A startup is a temporary organization in search of a scalable, repeatable, profitable business model.
Small Business Entrepreneurship: In the United States, the majority of entrepreneurs and startups are found among 5.9 million small businesses that make up 99.7 percent of all U.S. companies and employ 50 percent of all nongovernment workers. These are often service-oriented businesses like drycleaners, gas stations and convenience stores, where entrepreneurs define success as paying the owners well and making a profit, and they seldom aspire to take over an industry or build a $100 million business.

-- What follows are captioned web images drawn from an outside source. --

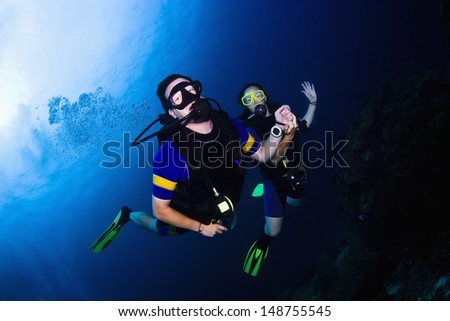 KHAO LAK, THAILAND - NOVEMBER 24: Two scuba divers holding hands on a dive in Similan Islands on November 24, 2009 . Similan Islands are Thailand\'s premier dive destination.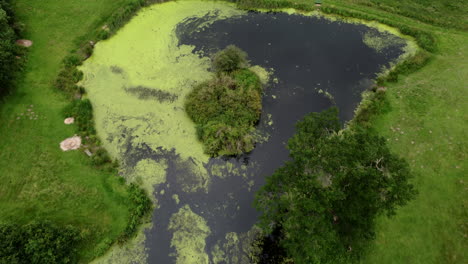 An-aerial-view-of-small-fishing-pools-in-the-Worcestershire-countryside,-England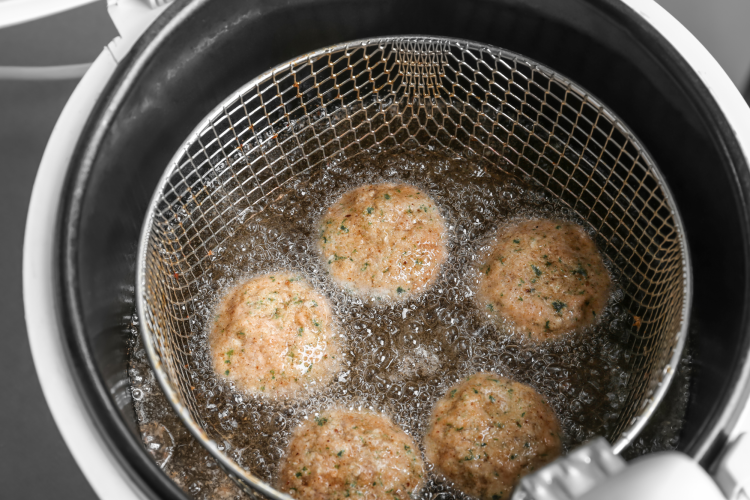 food deep frying in a large pot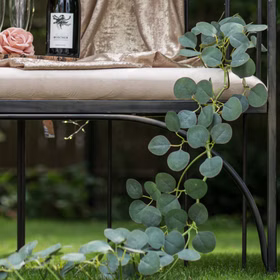 Eukalyptus Girlande 173 cm Grün Pflanzen Deko Hochzeit Geburtstag Basteln Kunstblume Tischdeko Deko-Ideen DIY Bastelbedarf Detailansicht der künstlichen Eukalyptus-Girlande an einer schwarzen Bank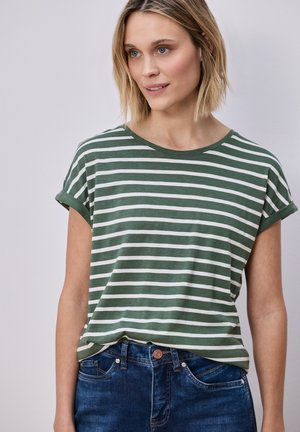 Kvinde med kort blondt hår iført en grøn og hvid stribet t-shirt med opkavlede ærmer, stoppet ned i blå jeans, der kigger mod højre.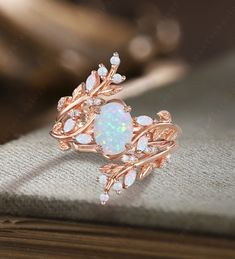 an opal and diamond ring on top of a book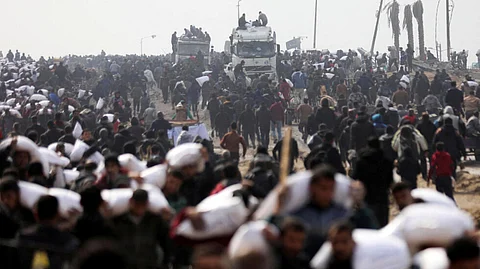 Israeli forces reportedly open fired on a crowd seeking humanitarian aid, killing at least 51.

Scalable startups are the work of traditional technology entrepreneurs. These entrepreneurs start a company believing their vision will change the world and result in a company with hundreds of millions if not billions of dollars in sales. The early days of a scalable startup are about the search for a repeatable and scalable business model. Scale requires external venture-capital investment in the tens of millions to fuel rapid expansion. Scalable startups tend to cluster in technology centers such as Silicon Valley, Shanghai, New York, Bangalore, and Israel and make up a small percentage of entrepreneurs, but their outsize return potential attracts almost all the risk capital (and press).
Figure i.0 Scalable Startup
“Buyable” startups are a new phenomenon. With the extremely low cost of developing web/mobile apps, startups can literally fund themselves on founders’ credit cards and raise small amounts of risk capital, usually less than $1 million. These startups (and their investors) are happy to be acquired for $5 million to $50 million, purchased by larger companies often to acquire the talent as much as the business itself.
Large Company Entrepreneurship: Large companies have finite life cycles. Most grow by offering new products that are variants of their core products (an approach known as sustaining innovation). They may also turn to disruptive innovation, attempting to introduce new products into new markets with new customers. Ironically, large companies’ size and culture make disruptive innovation (really an effort to launch a scalable startup inside a big company) extremely difficult to execute.
…large companies’ size and culture make disruptive innovation extremely difficult.
Social entrepreneurs build innovative nonprofits to change the world. Customer Development provides them a scorecard for assessing scalability, asset leverage, return on investment and growth metrics. These entrepreneurial ventures seek solutions rather than profits and happen on every continent in areas as diverse as water, agriculture, health, and microfinance.